Dynamics in the excited electronic state of periodic mesoporous biphenylylene-silica studied by time-resolved diffuse reflectance and fluorescence spectroscopy.

The excited state dynamics of periodic mesoporous organosilica (powder) bearing biphenylylene moieties densely in the silica framework (Bp-PMO) is investigated for the first time using femtosecond time-resolved diffuse reflectance (TDR) and picosecond time-resolved fluorescence spectroscopies.
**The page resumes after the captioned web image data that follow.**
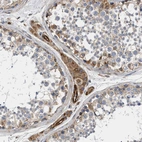 Immunohistochemical staining of human testis shows moderate cytoplasmic positivity in Leydig cells.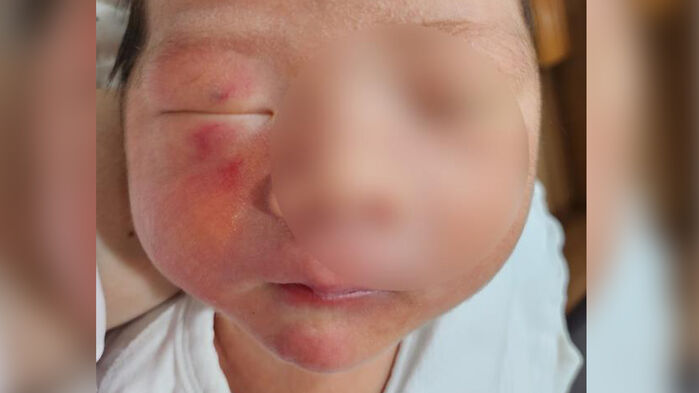 신생아실 찾은 부모 '철렁'…"얼굴 왜 이러나" 무슨 일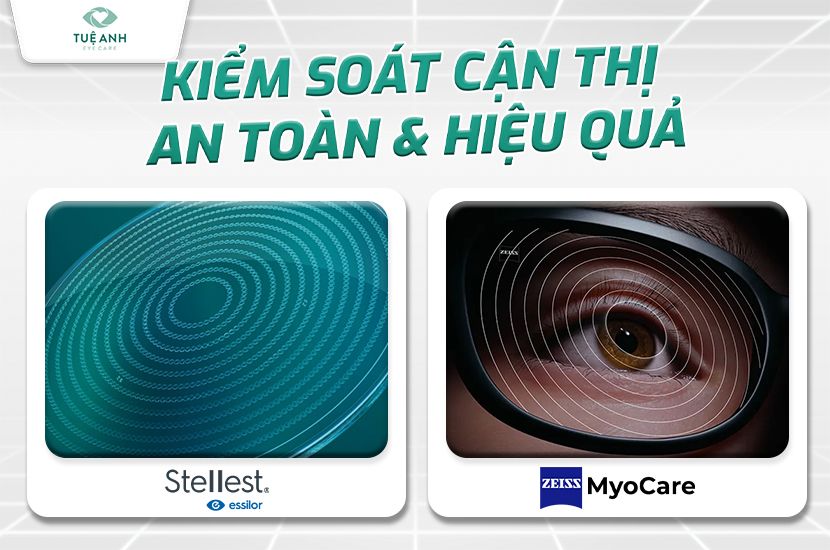 STELLEST & MYOCARE: Giải pháp vàng kiểm soát cận thị cho trẻ em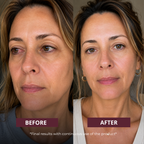 Aurebi Eye Recovery Therapy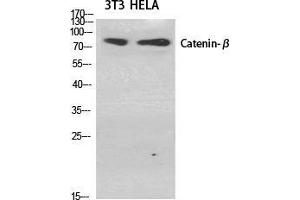 Western Blot (WB) analysis of specific cells using Catenin-beta Polyclonal Antibody. (beta Catenin 抗体  (Ser29))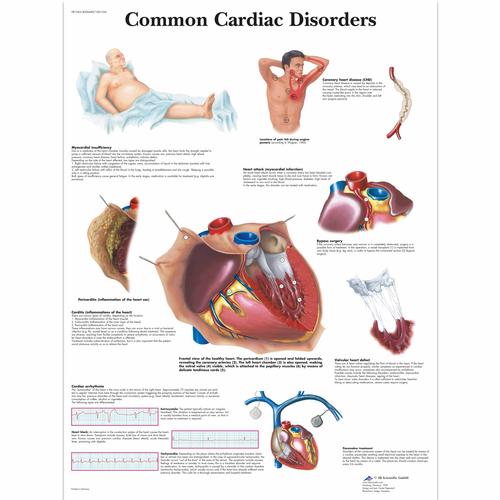 Common Cardiac Disorders Chart, 1001526 [VR1343L], sistema Cardiovascolare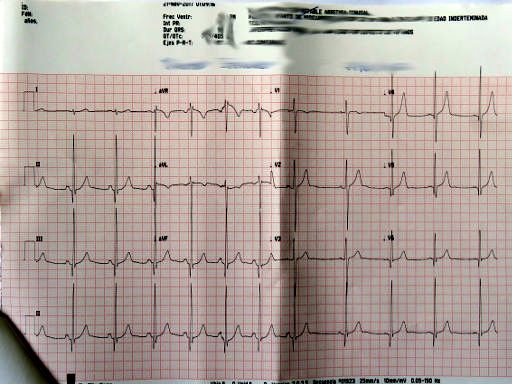 mds360 medicina deporte salud, Madrid, Spanien, Ergebnis EKG ohne Belastung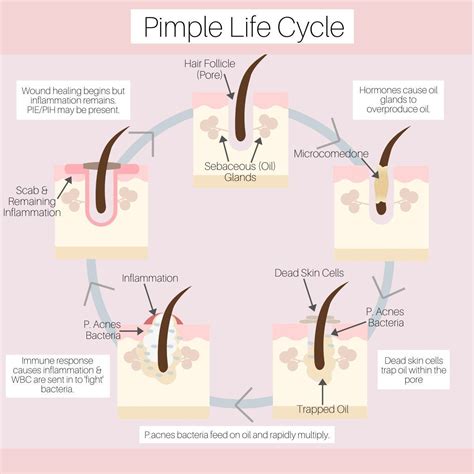 Pimple Life Cycle Canva Template | Dermatoloji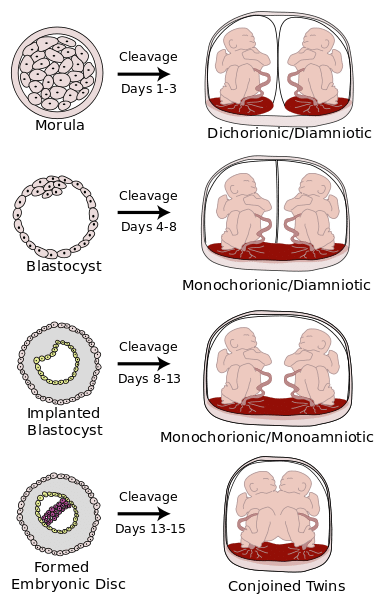 Twin pregnancy Week by Week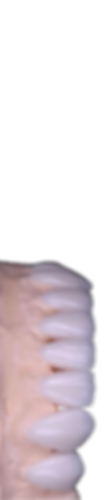 Veneers_edited.png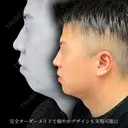顎のヒアルロン酸 before画像 サムネイル用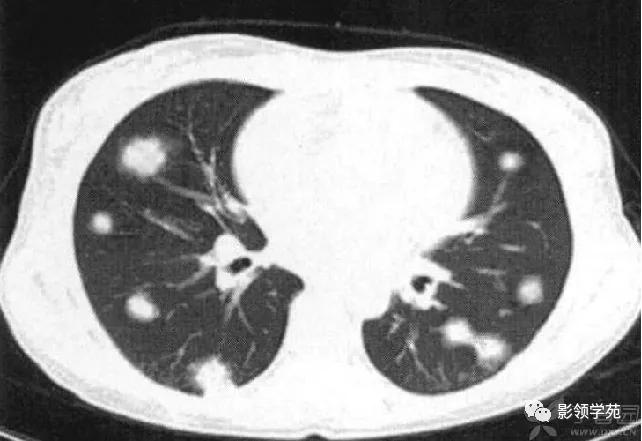 肺肉芽肿影像学表现ppt,肺韦格纳肉芽肿影像学表现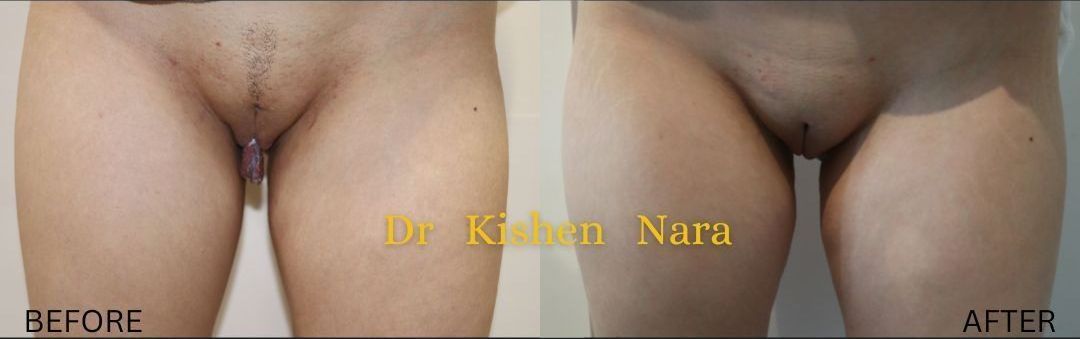 SAP labiaplasty — after
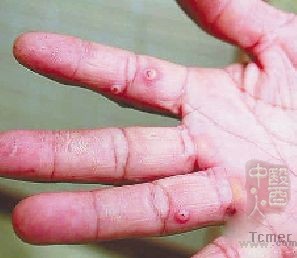 �����ϰٴ��񱻶�����ҧ��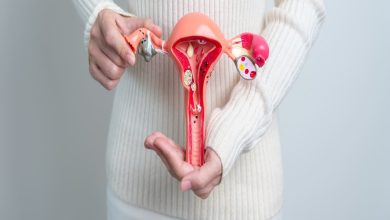 Endometriosis impacto en la fertilidad y opciones de tratamiento para mujeres en edad reproductiva
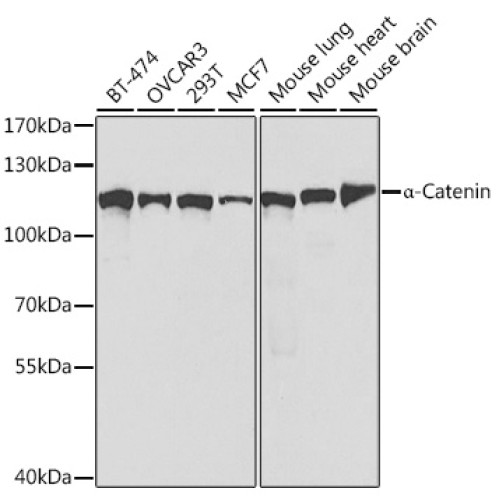 [KO Validated] α-Catenin Rabbit pAb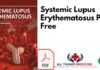 Systemic Lupus Erythematosus PDF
The TDR spectra revealed the excitation-relaxation process of the biphenylylene moieties, including the relaxation of the twisted Frank-Condon (FC) state to the lowest singlet excited state (S(1)) with a time constant of 730 ± 95 fs, and efficient quenching of the S(1) state by excimer (E) formations with two time constants of 7.0 ± 0.2 ps (E(1): ca. 64%) and 170 ± 47 ps (E(2) and E(3): ca. 36%). The individual absorption spectra of the FC, S(1), and E states were reconstructed by the TDR spectral analysis. The time-resolved fluorescence spectra showed that the excimers decayed with three time constants of 1.3 ± 0.2 ns (E(1)), 8.2 ± 0.7 ns (E(2)) and 27 ± 2 ns (E(3)). The fluorescence quantum yields of the excimers are suggested to be almost zero for E(1), and unity for E(2) and E(3), which implies that the fluorescence quantum yield of Bp-PMO (Φ(F) = 0.38) can be explained by the fraction of the highly emissive excimers (E(2) and E(3)). The excited state dynamics of Bp-PMO is quite different from those of a solution of 4,4'-bis-(triethoxysilyl)biphenyl precursor and a biphenyl molecular crystal (powder).